Bevor es mal wieder eskaliert.
Wenn es Dein eigener Teich ist, kannst Du wahrscheinlich eine Reuse auslegen. Sonst braucht man im allgemeinen dafür eine Berechtigung.
Und Karpfen werden, soweit mir bekannt eher nicht mit Reusen gefangen. Lieber wie die Profis einen Futterplatz anlegen und dann ansitzen. Das ist die bessere Wahl denke ich.


----------



## Gardenfly (22. November 2014)

*AW: Karpfen mit Reuse fangen?*

Mit den Reusen wirst du keinen Karpfen sehen,bedenke was für ein Durchmesser der Eingang haben muss.


----------



## Schneidi (22. November 2014)

*AW: Karpfen mit Reuse fangen?*

ich glaub da ist es deutlich einfacher in die zucht zu gehen und sich einen karpfen zu kaufen oder mal nen angelkollegen fragen ob er einen übrig hat


----------



## Mücke1978 (22. November 2014)

*AW: Karpfen mit Reuse fangen?*

Vielleicht ist er ja auch Fischer und hat in seinem eigenen See Karpfen besetzt und will sie jetzt rausholen:q


----------



## Taxidermist (23. November 2014)

*AW: Karpfen mit Reuse fangen?*



> Ich glaube nicht das Du Dir mit dieser Frage sehr viele Freunde machen wirst....#d
> 
> Ich weiss auch nicht was das mit angeln zu tun haben soll....


Ich auch nicht!

Der TS hat übrigends einen eigenen Teich:



> Mein Teich:
> Moin moin zusammen


Für viele hier im Forum ist ein Karpfen eine heilige Kuh, nur dazu da ihn mit einem Drill zu vergnügen und anschießend heldenhaft mit ihm zu Posen!
An deiner Stelle würde ich mich in einem Teichler Forum anmelden, dort findest du auch Leute für die es normal ist einen Karpfen zu essen und die einen Fisch nicht als Ego-Spielzeug missbrauchen!

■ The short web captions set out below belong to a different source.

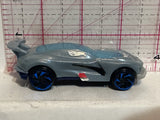 Grey Gazella R FJV99  M4X Mcdonalds Hot Wheels Diecast Car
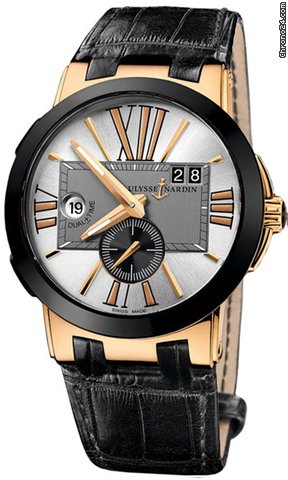 Ulysse Nardin Executive Dual Time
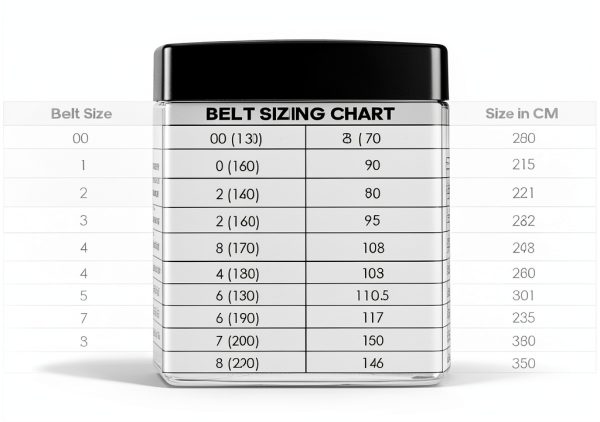 AAMA Martial Arts Belt Black Stripe Cotton Blend-1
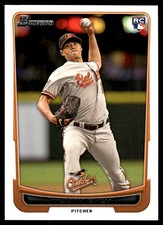 Wei-Yin Chen 2012 Bowman Draft Picks & Prospects #45 Orioles MLB READ FREE SHIP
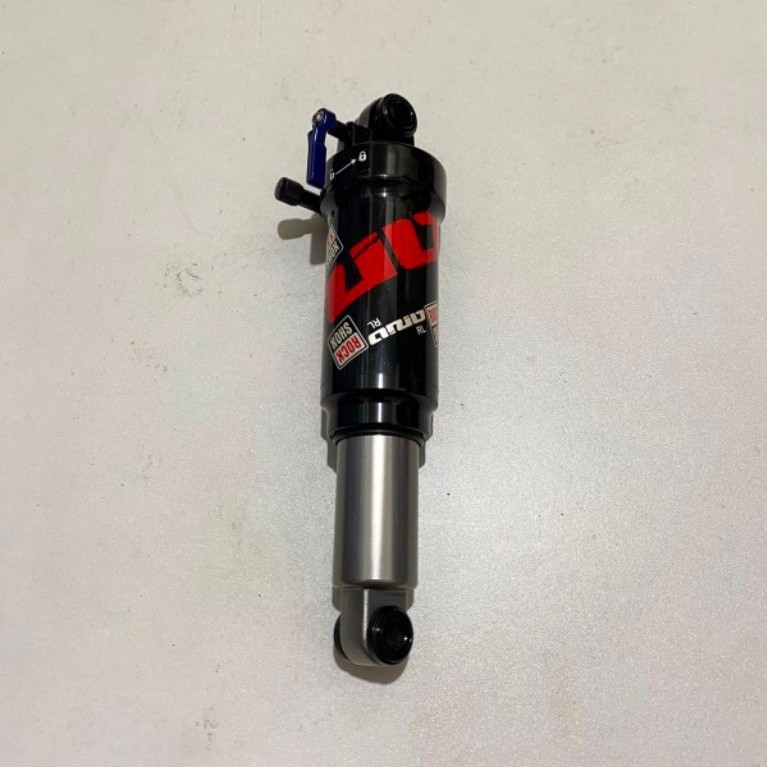 rearshock sepeda mtb rockshox Ario RL e to e 190 mm rear shock rockshox bukan fox, dnm, strummer, su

Ansonsten würde ich es einfach, mit einer doch recht günstigen Reuse, versuchen. 
Allerdings hatte derjenige schon recht, welcher auf die entsprechend große Öffnung dieser hinwies!
Also einfach die durchschnittliche Fischgröße berücksichtigen.

Jürgen

P.S.: der Thread hier wird sowieso geschlossen, sobald die Geschäftsführung darauf aufmerksam wird!


----------



## Jose (23. November 2014)

*AW: Karpfen mit Reuse fangen?*



Tommi-Engel schrieb:


> Ich glaube nicht das Du Dir mit dieser Frage sehr viele Freunde machen wirst....#d




kann ich mir jetzt nicht verkneifen: einen hast du :m


----------



## Allrounder27 (23. November 2014)

*AW: Karpfen mit Reuse fangen?*

Ich glaub soviel sind es garnicht, die Karpfen als heilige Kühe ansehen.

Mir ist es scheixxegal, ob jemand sich einen Weihnachtskarpfen fängt. Solange nicht grade die +20 Pfd. Fische entnommen werden. So ziemlich alle meine Karpfenangelnden Freunde sehen das genauso.

Zur Reuse. Nunja. Mir sind schon ein paar Angler begegnet, die auch Reusen stellen. Das sind dann wohl die "Fleischmachenden Angelfischer".

Mir Angeln hat es eher weniger zu tun.


----------



## marcomo (23. November 2014)

*AW: Karpfen mit Reuse fangen?*

es war mir irgendwie klar dass wieder paar Spezis aus den Ecken auftauchen und mich als Karpfenvergewaltiger oder sonstwas hinstellen wollen^^ aber egal.

Da es mein eigener Weiher ist, ich die Karpfen selbst besetzt habe, sie füttere etc. kann ich sie auch wieder mit ner Reuse rausfangen wenn mir danach ist. Ist ja wohl schonender als sie mit der Angel zu fangen. Euch sollte man mal mit nen Haken im Maul über nen Feld ziehen und das alle paar Tage, dann merkt ihr mal wer der wahre Übeltäter ist^^

Nunja, mit Angeln hat es weniger zu tun, ich weiß. Eher mit Fischfang aber naja. Natürlich will ich keine Riesen entnehmen, so 2-4 Kilo sind die angestrebte Größe. Entsprechend groß muss natürlich auch die Eingangsöffnung sein.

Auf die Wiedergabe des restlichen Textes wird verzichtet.